The book merges memoir, cultural critique and polemic with a “look-who-I’ve-slept-with” bravura. Along the way, it attempts to deconstruct bisexual behavior and elbow its place onto feminist and queer agendas. Time will tell whether this gives the “B” in LGBTQ organizations more clout or adds bisexual demands to feminist wish-lists.
“Bisexuality, like feminism, has freedom at its root,” Baumgardner writes, “the need to have more, not less, to say ‘and’ not ‘or.’” She sees bisexuality’s political invisibility as a reflection of society’s love of the binary and desire to keep things simple – straight or gay, normal or deviant.
Of course, life is rarely this cut-and-dry. Baumgardner heralds public figures like Ani DiFranco, Anne Heche and Alice Walker as exemplars of sexual freedom, because they have publicly affirmed their bisexuality. This, she argues, forces conversations open. Furthermore, it shifts the domestic paradigm, creating what she calls “gay expectations” – intimacy, openness and female orgasms – in straight relationships, and “straight expectations” – visibility, marriage, children – in queer ones.
In some ways she’s right, and celebrities are to be commended any time they publicly declare their identity or politics. Nonetheless, I’m not 100 percent sold on the argument. The chasm between superstars and regular folks is enormous, and their example is no more likely to lead to tolerance than Ciara’s ode to abstinence, a song called Goodies, will slam a psychic chastity belt on horny adolescents.

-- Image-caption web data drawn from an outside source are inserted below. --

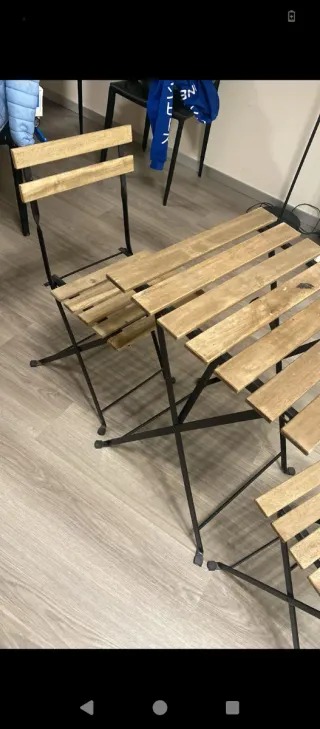 Mesa y Sillas Plegables Madera y Metal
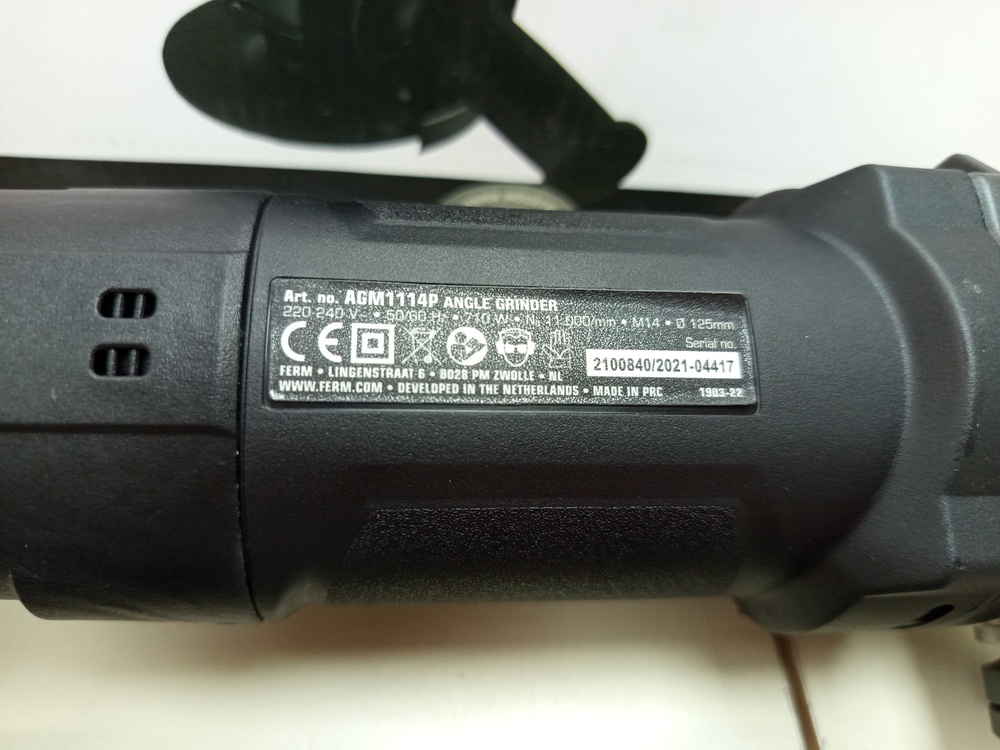 Угловая шлифмашина Ferm AGM1114P 710W-125MM
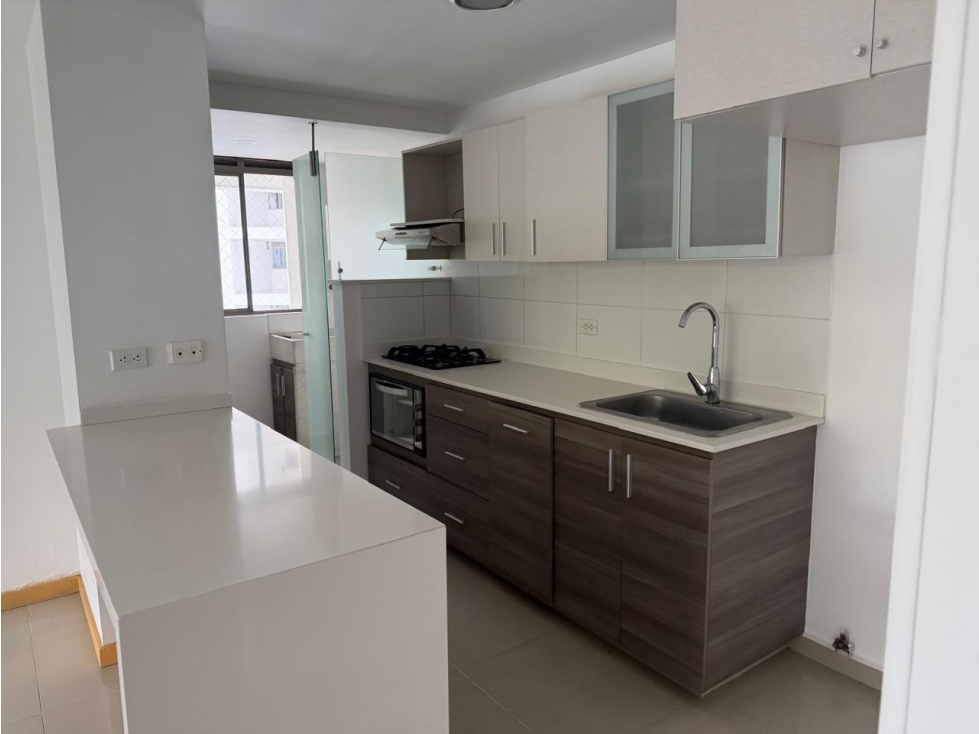 RENTA APARTAMENTO EN EL POBLADO SECTOR CASTROPOL — foto 5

Similarly, when Baumgartner writes that,“College campuses are good barometers of this moment in history” because they are rife with bisexual exploration, she is getting only part of the story. According to the American Council on Education, less than half of U.S. residents get college degrees. What’s more, commuter schools, including community colleges, are vastly different from institutions in which students live in dorms; the experimentation rampant at Princeton or Smith is far less likely at Nassau Community College.
Yet in all spheres, people do check each other out, and anyone or anything that encourages openness is to be lauded. Baumgardner’s assessment of her own relationships illustrates what it means to adopt a consciously chosen identity. Honest and forthright, she questions whether the Jennifer who dates men is “just a straight girl,” then analyzes what “just” means. Her candor is refreshing.
At the same time, I wished that she had paid less attention to Freudian missteps and turned, instead, to helping people appreciate the continuum of desire and concomitant behavior at the core of human existence. Such understanding might mitigate the trend of men denying that they have sex with other men in order to preserve the illusion of heterosexuality. It might also allow those who eschew monogamy to talk about ways to safely love multiple partners, a topic that tends to be avoided despite many people’s forays in this terrain.
Despite these flaws, Look Both Ways is important. Sassy, bold and cleverly written, Baumgardner celebrates bisexual women as major players in the pro-sex feminist movement. Likewise, she reminds us that political and psychic liberation are entwined, that social reorganization requires that we address the impulses that goad our behavior. Lastly, she revels in her power to attract and go after what and whom she wants. The power to objectify, coupled with subverting the male gaze, can be heady. Take it, she tells us, and don’t look back.